Leishmaniose Cutânea: Diagnóstico e Teste de Montenegro

USP/HCRP - Hospital das Clínicas de Ribeirão Preto (SP) — Prova 2024

Enunciado

Homem, 55 anos, apresenta lesões de pele (figura) há 4 meses. Nega dor ou sangramento no local. Tem hábito de pescar e relata que um colega de pescaria teve lesão semelhante há 1 ano. Traz biópsia de pele: infiltrado inflamatório linfo histiocitário com ocasionais células gigantes e rico em plasmócitos e visualizadas estruturas intracelulares nos macrófagos à coloração de Giemsa. Considerando o diagnóstico mais provável, qual exame está indicado?

Alternativas

  1. A) Teste de Kveim Siltzbach.
  2. B) Teste de Montenegro.
  3. C) Teste de Mantoux.
  4. D) Teste de Mitsuda.

Pérola Clínica

Lesão cutânea crônica + biópsia com amastigotas + epidemiologia → Leishmaniose. Teste de Montenegro para resposta imune.

Resumo-Chave

A biópsia com infiltrado inflamatório rico em plasmócitos e a visualização de estruturas intracelulares (amastigotas) em macrófagos à coloração de Giemsa, junto ao histórico epidemiológico, são altamente sugestivos de leishmaniose cutânea. O Teste de Montenegro avalia a imunidade celular ao parasita, sendo útil no diagnóstico e prognóstico.

Contexto Educacional

A leishmaniose cutânea é uma doença parasitária causada por protozoários do gênero Leishmania, transmitida pela picada de flebotomíneos. É endêmica em diversas regiões do Brasil e do mundo, sendo importante o reconhecimento de suas manifestações clínicas e epidemiológicas. A suspeita deve surgir em pacientes com lesões cutâneas crônicas, especialmente úlceras, em áreas expostas e com histórico de exposição em regiões de risco. O diagnóstico precoce é fundamental para evitar complicações e disseminação da doença. O diagnóstico da leishmaniose cutânea baseia-se na combinação de dados clínicos, epidemiológicos e laboratoriais. A biópsia da lesão, com pesquisa de amastigotas por coloração de Giemsa ou imuno-histoquímica, é o método padrão-ouro. O Teste de Montenegro, que avalia a hipersensibilidade tardia ao parasita, é um exame auxiliar importante, indicando contato prévio ou infecção. Outros métodos incluem cultura, PCR e sorologia, dependendo da apresentação clínica e espécie de Leishmania. O tratamento da leishmaniose cutânea varia conforme a espécie do parasita, a localização e o número de lesões, e o estado imunológico do paciente. Os antimonais pentavalentes são a primeira linha de tratamento, mas outras opções como miltefosina, anfotericina B e termoterapia podem ser utilizadas. O prognóstico geralmente é bom para a forma cutânea localizada, mas pode haver recidivas ou evolução para formas mucocutâneas mais graves se não tratada adequadamente. A educação sobre medidas de proteção contra o vetor é essencial para a prevenção.

Perguntas Frequentes

Quais são os achados histopatológicos sugestivos de leishmaniose cutânea?

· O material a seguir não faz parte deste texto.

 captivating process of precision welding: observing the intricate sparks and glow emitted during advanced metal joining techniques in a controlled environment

A biópsia de pele na leishmaniose cutânea tipicamente revela um infiltrado inflamatório linfo-histiocitário, rico em plasmócitos e com ocasionais células gigantes. A visualização de amastigotas (formas intracelulares do parasita) dentro dos macrófagos, especialmente com coloração de Giemsa, é patognomônica.

Quando o Teste de Montenegro é indicado para o diagnóstico de leishmaniose?

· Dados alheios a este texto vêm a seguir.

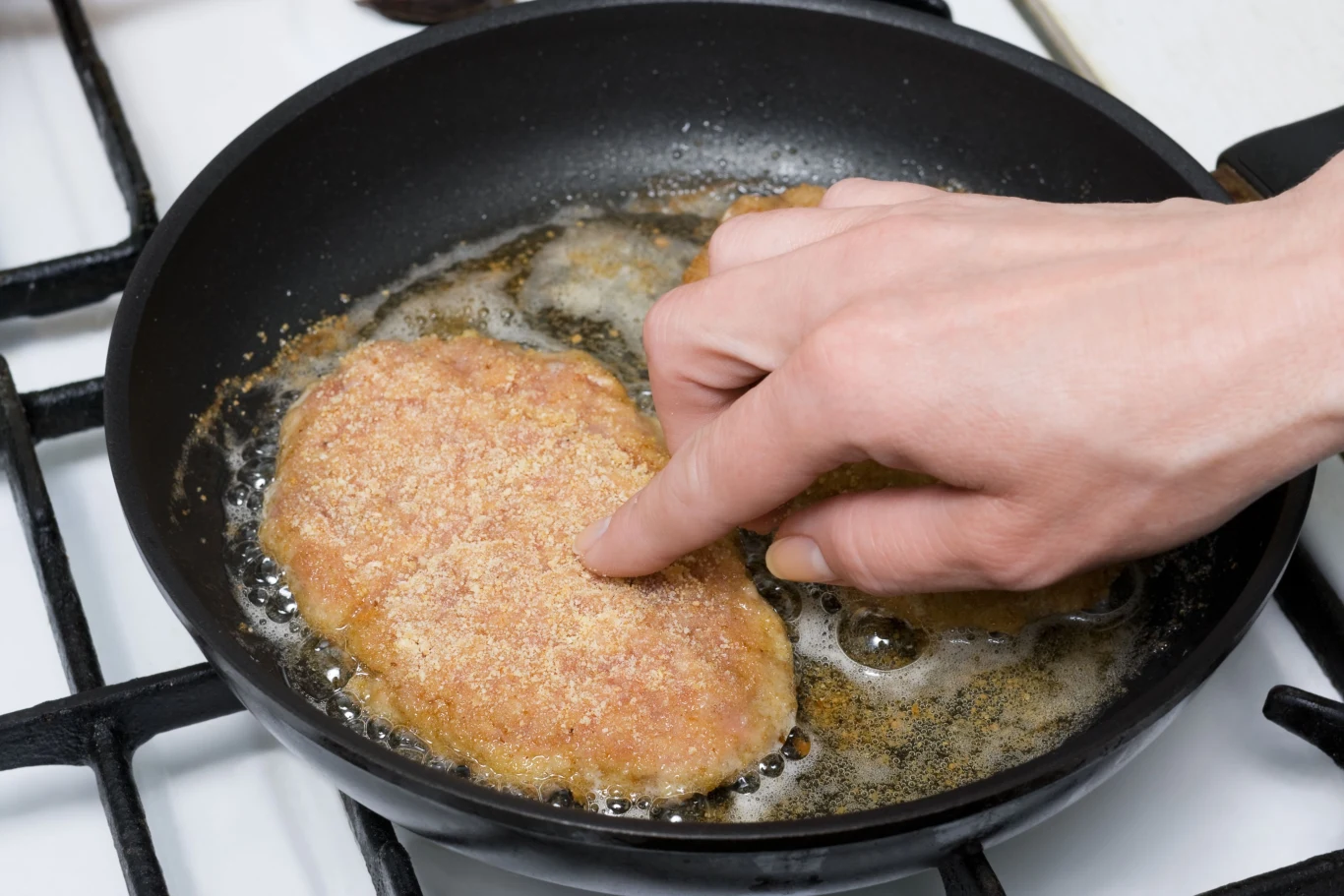 Kotlety Herkulesa możesz tradycyjnie usmażyć lub upiec w piekarniku Dłoń układa panierowany kotlet na patelni z gorącym olejem podczas smażenia.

O Teste de Montenegro (intradermorreação) é indicado para avaliar a resposta imune celular à Leishmania, sendo positivo em pacientes com infecção ativa ou prévia. É útil no diagnóstico de leishmaniose cutânea e mucocutânea, especialmente em áreas endêmicas e quando o diagnóstico parasitológico direto é difícil.

Qual a importância do histórico epidemiológico na suspeita de leishmaniose?

O histórico epidemiológico, como residência ou visita a áreas endêmicas, atividades ao ar livre (pesca, caça) e contato com casos semelhantes, é crucial para levantar a suspeita de leishmaniose. A transmissão ocorre pela picada de flebotomíneos infectados, e o conhecimento da exposição é fundamental para o diagnóstico.